■ What you are asked to do
Each record below should be returned exactly, with its pictures left out.
[Dataset entries Boundary: Start]
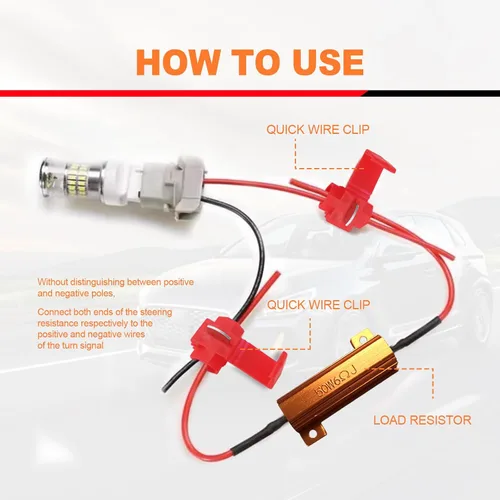 Miniatura 5 de 4 resistencias de carga de 50 W y 6 ohmios, arregla bombilla LED rápido Hyper Flash, código de error de parpadeo de señal de giro, adaptador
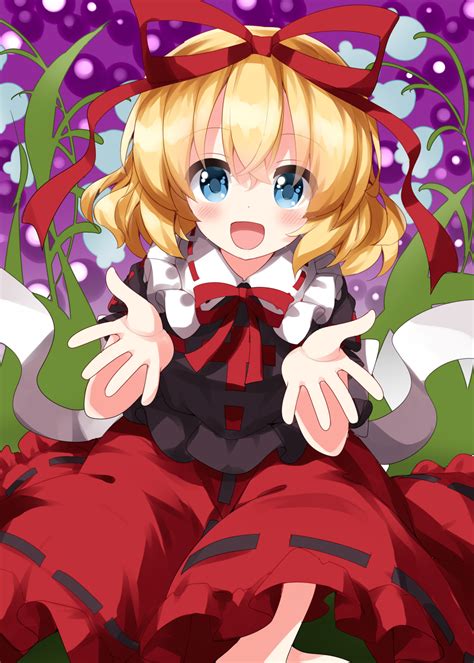 Safebooru 1girl Black Shirt Blonde Hair Blue Eyes Blush Collared Shirt Flower Frilled Shirt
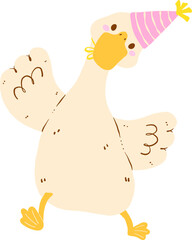 Cute Happy Girly Goose Birthday Wearing Pink Party Hat and Dancing Doodle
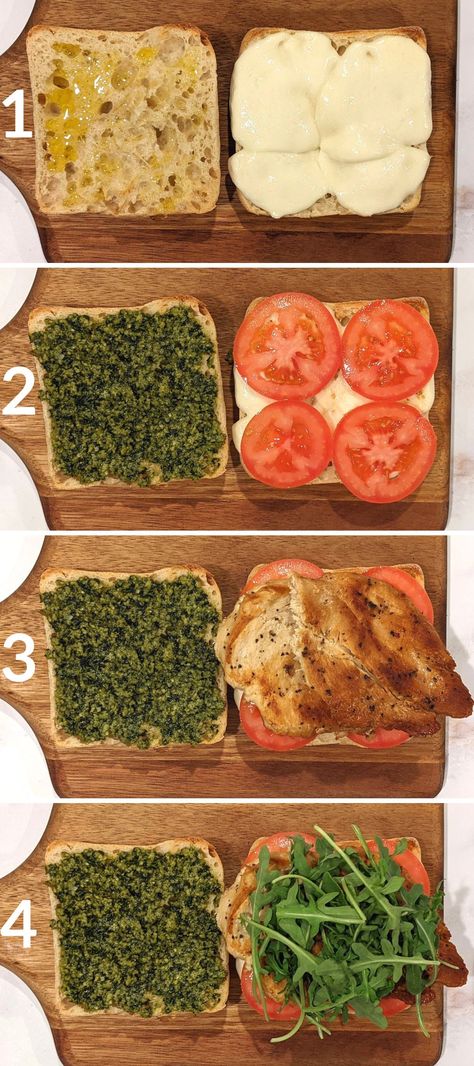 The Best Chicken Pesto Sandwich Basil Chicken Sandwich, Chicken And Spinach Sandwich, Chicken Pesto Sandwich Recipe, Pesto Egg Sandwich, Pesto Sandwich Ideas, Best Chicken Sandwich Recipes, Pesto Turkey Sandwich, Healthy Chicken Sandwich, Pesto Chicken Sandwiches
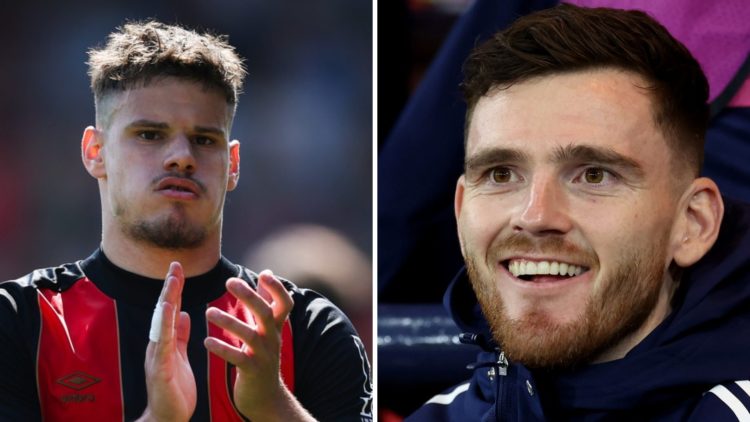 Left: Milos Kerkez clapping the Bournemouth fans after their game. Right: Andy Robertson picture on the Scotland bench smiling for the cameras.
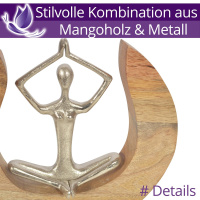 Yogafigur Silber Holzkreis 27cm Skulptur Figur Dekofigur Holzaufsteller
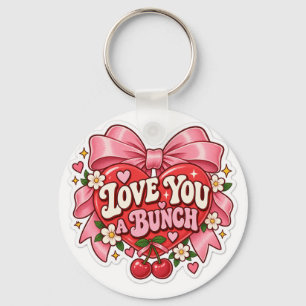 Porte-clés Love You a Bunch Rétro Coquette Autocollant à Cœur
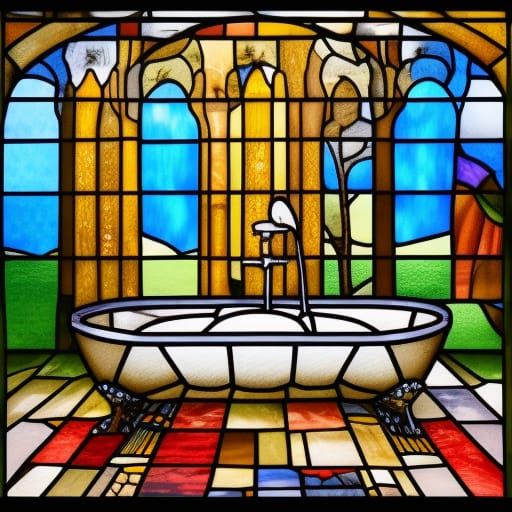 stained glass bathtub AI Generated Artwork NightCafe Creator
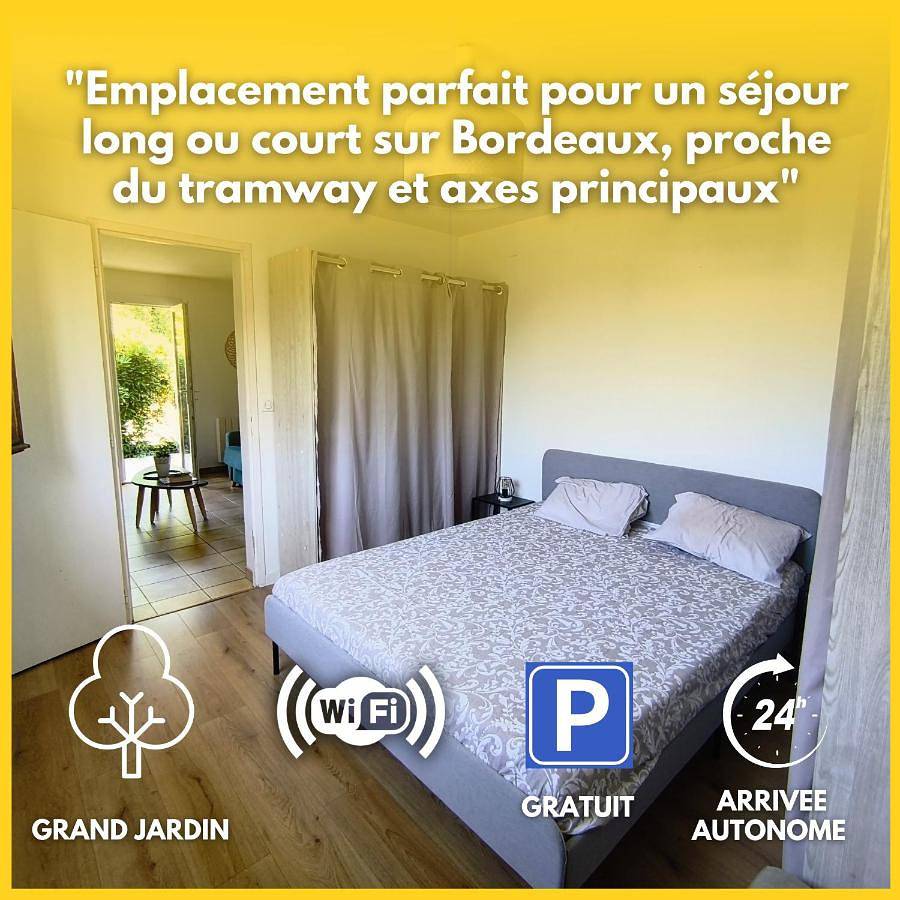 Appartement entier, Grand 2 pièces pour 4 personnes avec jardin in Eysines, Région de Bordeaux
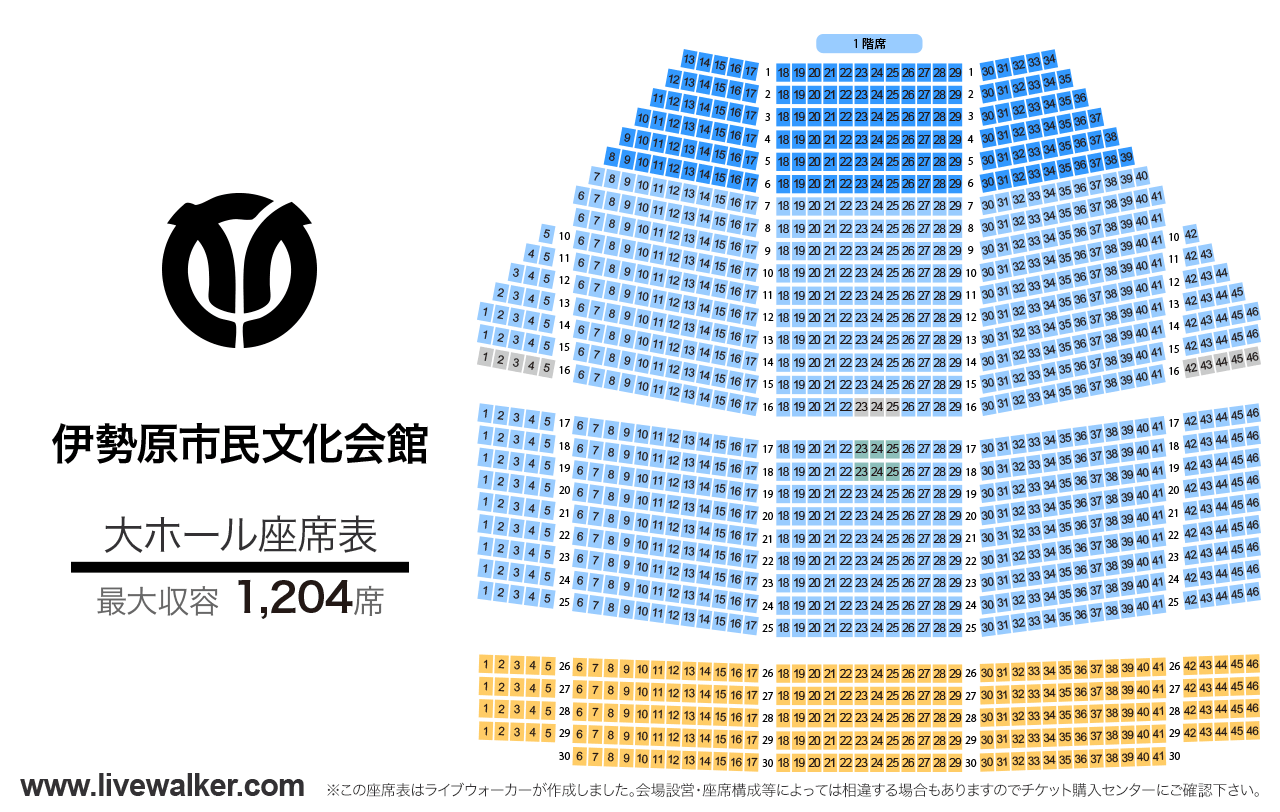 伊勢原市民文化会館大ホールの座席表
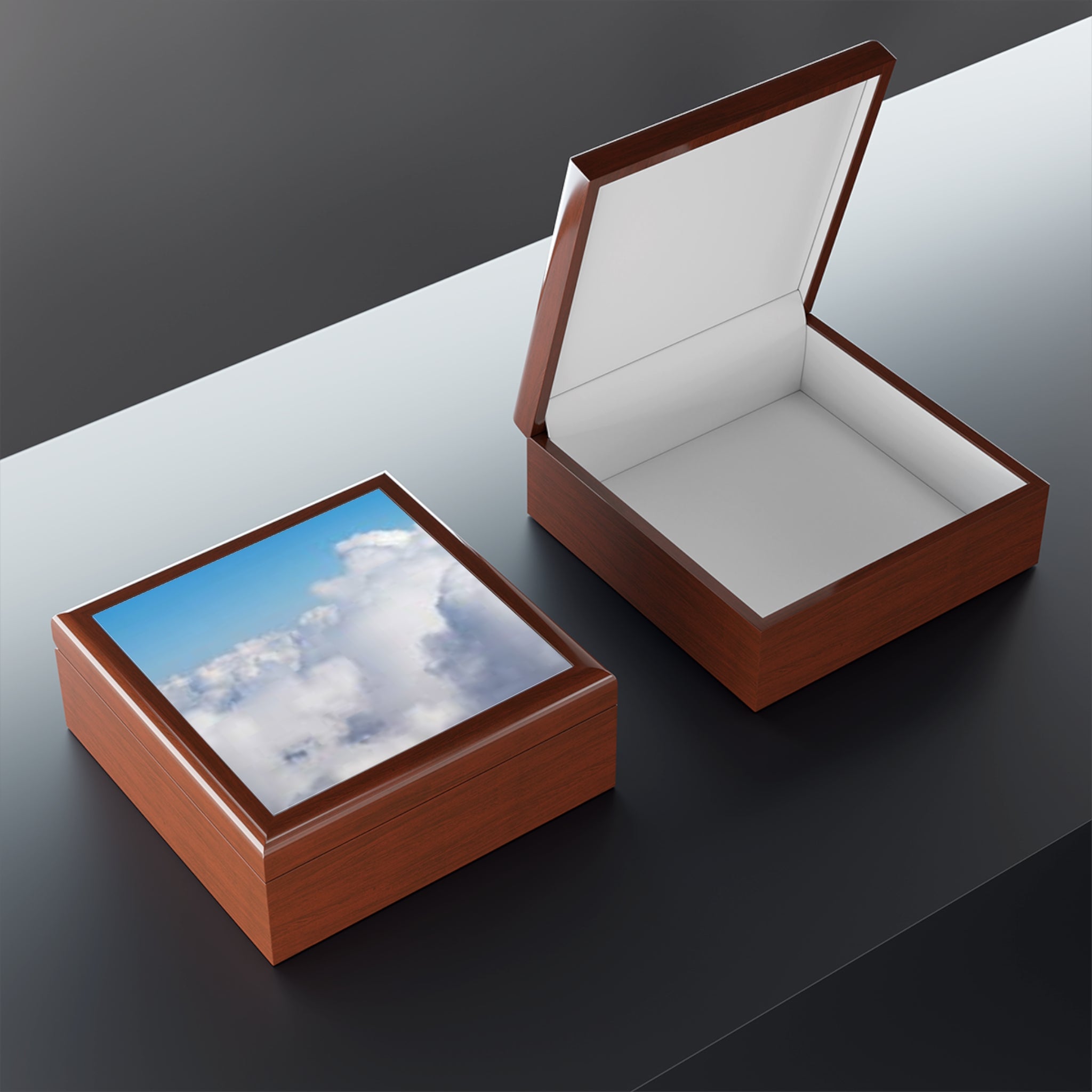Blue Sky Clouds Jewelry Box | Cloudscape Keepsake Box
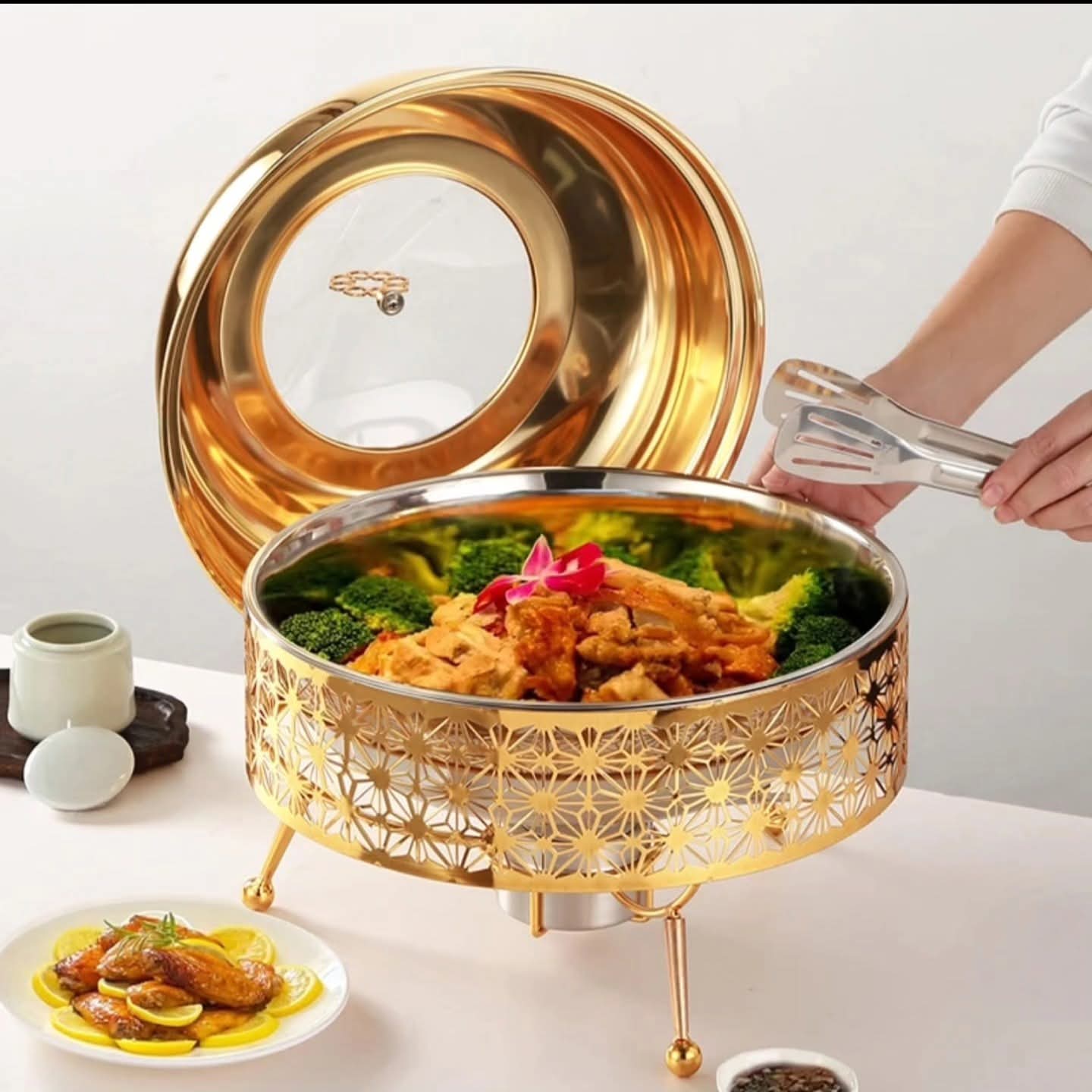 8.0L gold plated round chafing dish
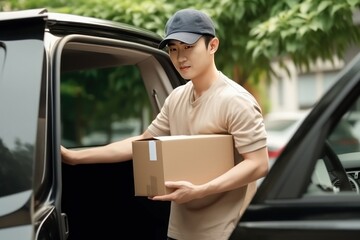 Man with beard holds cardboard box with packaged goods making home delivery. Delivery male person stands near work vehicle with open car trunk performing duties. Adult looks attentively at client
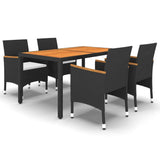 5 Piece Garden Dining Set Poly Rattan Black - Front View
[Dataset entries Boundary: End]
■ Answer box
 Miniatura 5 de 4 resistencias de carga de 50 W y 6 ohmios, arregla bombilla LED rápido Hyper Flash, código de error de parpadeo de señal de giro, adaptador
 Safebooru 1girl Black Shirt Blonde Hair Blue Eyes Blush Collared Shirt Flower Frilled Shirt
 Cute Happy Girly Goose Birthday Wearing Pink Party Hat and Dancing Doodle
 The Best Chicken Pesto Sandwich Basil Chicken Sandwich, Chicken And Spinach Sandwich, Chicken Pesto Sandwich Recipe, Pesto Egg Sandwich, Pesto Sandwich Ideas, Best Chicken Sandwich Recipes, Pesto Turkey Sandwich, Healthy Chicken Sandwich, Pesto Chicken Sandwiches
 Left: Milos Kerkez clapping the Bournemouth fans after their game. Right: Andy Robertson picture on the Scotland bench smiling for the cameras.
 Yogafigur Silber Holzkreis 27cm Skulptur Figur Dekofigur Holzaufsteller
 Porte-clés Love You a Bunch Rétro Coquette Autocollant à Cœur
 stained glass bathtub AI Generated Artwork NightCafe Creator
 Appartement entier, Grand 2 pièces pour 4 personnes avec jardin in Eysines, Région de Bordeaux
 伊勢原市民文化会館大ホールの座席表
Blue Sky Clouds Jewelry Box | Cloudscape Keepsake Box
 8.0L gold plated round chafing dish
 Man with beard holds cardboard box with packaged goods making home delivery. Delivery male person stands near work vehicle with open car trunk performing duties. Adult looks attentively at client
 5 Piece Garden Dining Set Poly Rattan Black - Front View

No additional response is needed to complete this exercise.